Today, Diana Cejas works in pediatric neurology. Her experience changed the kind of doctor she is. “Sometimes it’s all I feel like I do, listen to patients. I just let them talk,” she tells Sifferlin. Her experience of misdiagnosis left her in a paradoxical position: “I want my patients to trust me. At the same time, I have a hard time trusting physicians.”
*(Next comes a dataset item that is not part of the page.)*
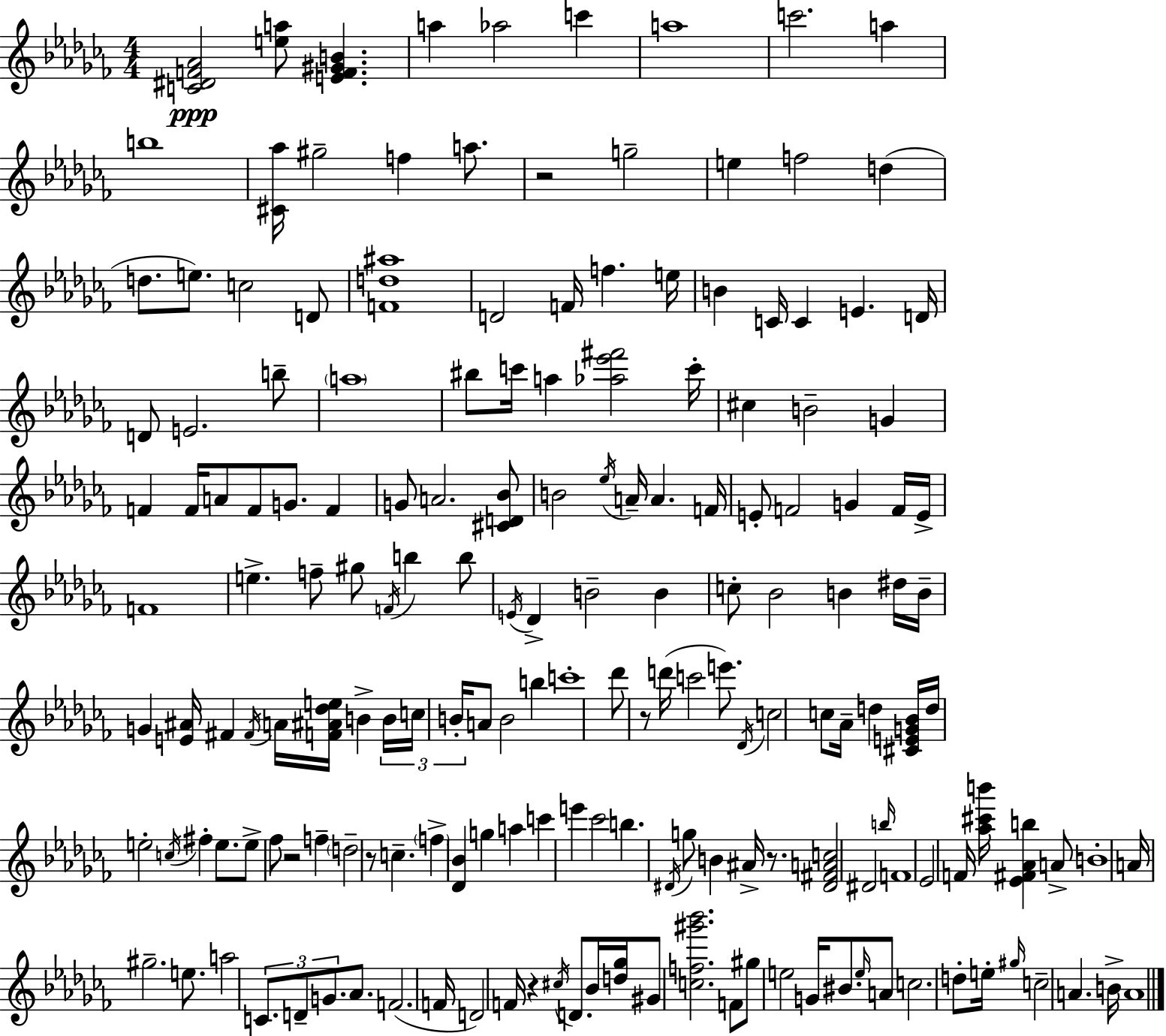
[C4,D#4,F4,Ab4]/h [E5,A5]/e [E4,F4,G#4,B4]/q. A5/q Ab5/h C6/q A5/w C6/h. A5/q B5/w [C#4,Ab5]/s G#5/h F5/q A5/e. R/h G5/h E5/q F5/h D5/q D5/e. E5/e. C5/h D4/e [F4,D5,A#5]/w D4/h F4/s F5/q. E5/s B4/q C4/s C4/q E4/q. D4/s D4/e E4/h. B5/e A5/w BIS5/e C6/s A5/q [Ab5,Eb6,F#6]/h C6/s C#5/q B4/h G4/q F4/q F4/s A4/e F4/e G4/e. F4/q G4/e A4/h. [C#4,D4,Bb4]/e B4/h Eb5/s A4/s A4/q. F4/s E4/e F4/h G4/q F4/s E4/s F4/w E5/q. F5/e G#5/e F4/s B5/q B5/e E4/s Db4/q B4/h B4/q C5/e Bb4/h B4/q D#5/s B4/s G4/q [E4,A#4]/s F#4/q F#4/s A4/s [F4,A#4,Db5,E5]/s B4/q B4/s C5/s B4/s A4/e B4/h B5/q C6/w Db6/e R/e D6/s C6/h E6/e. Db4/s C5/h C5/e Ab4/s D5/q [C#4,E4,G4,Bb4]/s D5/s E5/h C5/s F#5/q E5/e. E5/e FES5/e R/h F5/q D5/h R/e C5/q. F5/q [Db4,Bb4]/q G5/q A5/q C6/q E6/q CES6/h B5/q. D#4/s G5/e B4/q A#4/s R/e. [D#4,F#4,A4,C5]/h D#4/h B5/s F4/w Eb4/h F4/s [Ab5,C#6,B6]/s [Eb4,F#4,Ab4,B5]/q A4/e B4/w A4/s G#5/h. E5/e. A5/h C4/e. D4/e G4/e. Ab4/e. F4/h. F4/s D4/h F4/s R/q C#5/s D4/e. Bb4/s [D5,Gb5]/s G#4/e [C5,F5,G#6,Bb6]/h. F4/e G#5/e E5/h G4/s BIS4/e. E5/s A4/e C5/h. D5/e E5/s G#5/s C5/h A4/q. B4/s A4/w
The word diagnosis comes from the Greek for “knowledge.” To offer a diagnosis is not just a medical act but an epistemological and moral one—a bridge from the world of the well to the world of the sick. Diagnosis requires recognition—the willingness to say: I believe your body is telling us something, even if I don’t know what it is. The crisis that Sifferlin documents—and that I’ve experienced as a patient—is that the system has made this act of witness, a foundational act of thousands of years of medicine, exceedingly difficult to perform.
The Elusive Body shows that it doesn’t have to be this way: The solutions are around us, and all that they require is a new orientation toward uncertainty, attention, and time—as well as the political will to solve the problem. Under the current federal assault on science, and in a moment when AI threatens to make each encounter even more remote, that person-to-person reorientation feels long overdue.